Springer Download¶
- build_candidate_urls(image_url: str, xml_file: str) list[str][source]¶
Build ordered candidate URLs for a Springer image.
If image_url is already absolute, return it directly. Otherwise, build CDN candidates using the DOI reconstructed from xml_file.
- Parameters:
image_url – Raw URL string from the figure CSV.

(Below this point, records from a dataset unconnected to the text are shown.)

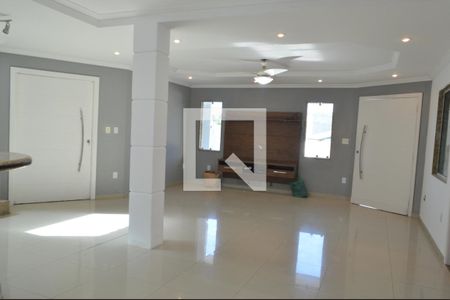 Sala de casa de condomínio à venda com 4 quartos, 300m² em Jacarepaguá, Rio de Janeiro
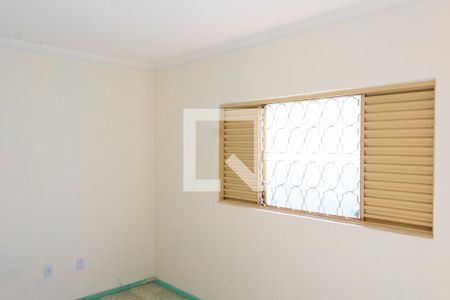 Casa à venda com 250m², 3 quartos e 3 vagas Casa à venda com 250m², 3 quartos e 3 vagasSUITE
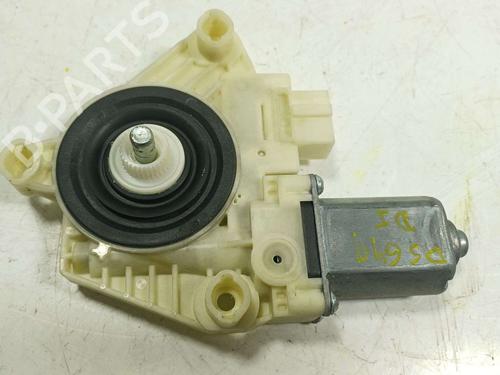 Used Left front window motor Left front window motor MERCEDES-BENZ C-CLASS (W205) C 220 BlueTEC / d (205.002, 205.004) (170 hp) 39642874 39642874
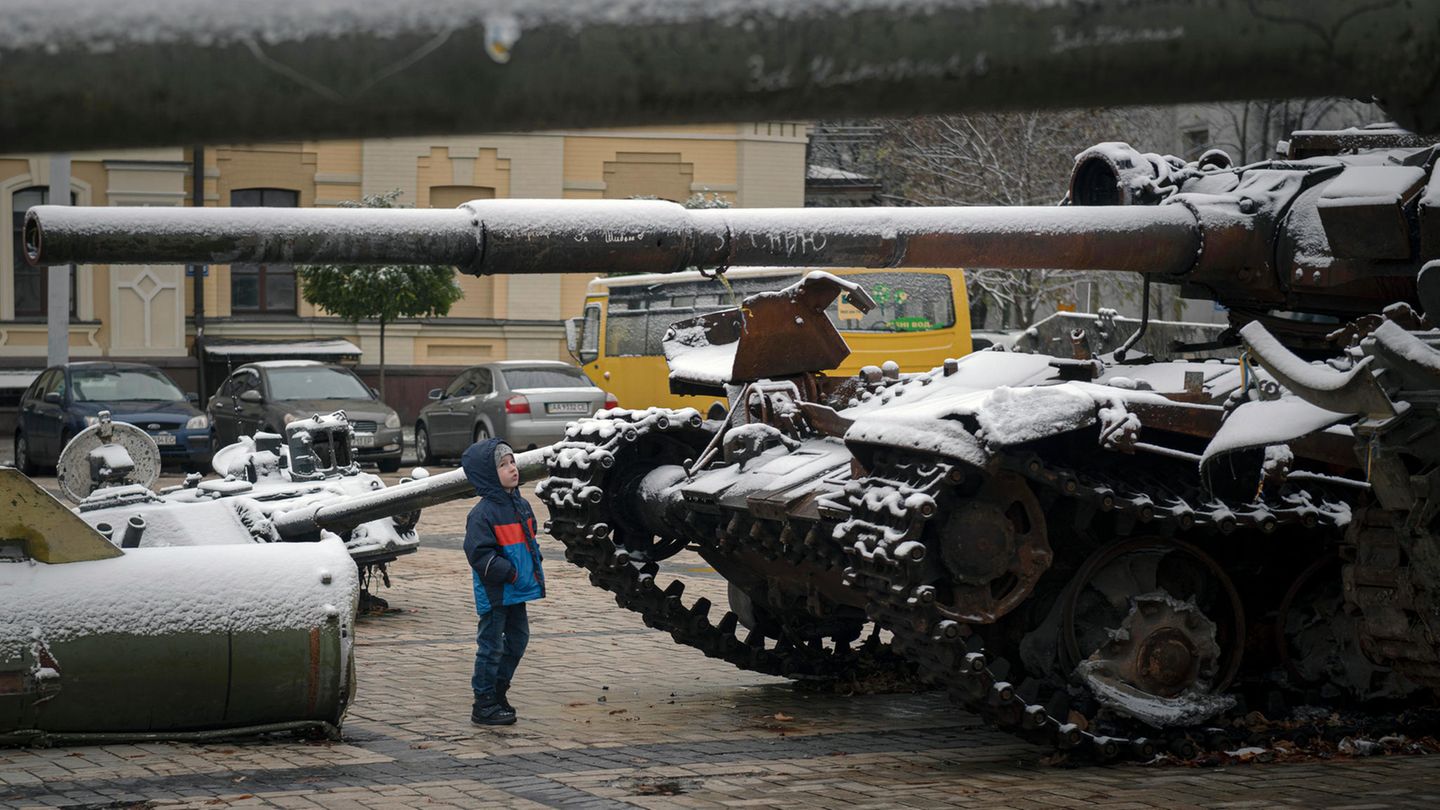 Militärausstellung in Kiew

xml_file – Source XML filename (used to reconstruct the DOI for relative URLs).
- Returns:
Ordered candidate URLs to try.
- Return type:
list[str]
- download_all(csv_path: str, output_dir: str = 'springer_images_flat', output_csv: str = 'springer_figure_details_with_images.csv', log_file: str = 'download_log_springer.csv', name_prefix: str = 'img', max_workers: int = 6, verbose: bool = True) DataFrame[source]¶
Download all Springer figure images referenced in csv_path.
- Parameters:
csv_path – Figure CSV (output of
extract_all()).output_dir – Directory to save downloaded images.
output_csv – Updated CSV written after each batch.
log_file – Per-URL download log for resume support.
name_prefix – Image filename prefix.
max_workers – Thread pool size.
verbose – Print progress.
- Returns:
Updated figure DataFrame with download status columns added.
- Return type:
pd.DataFrame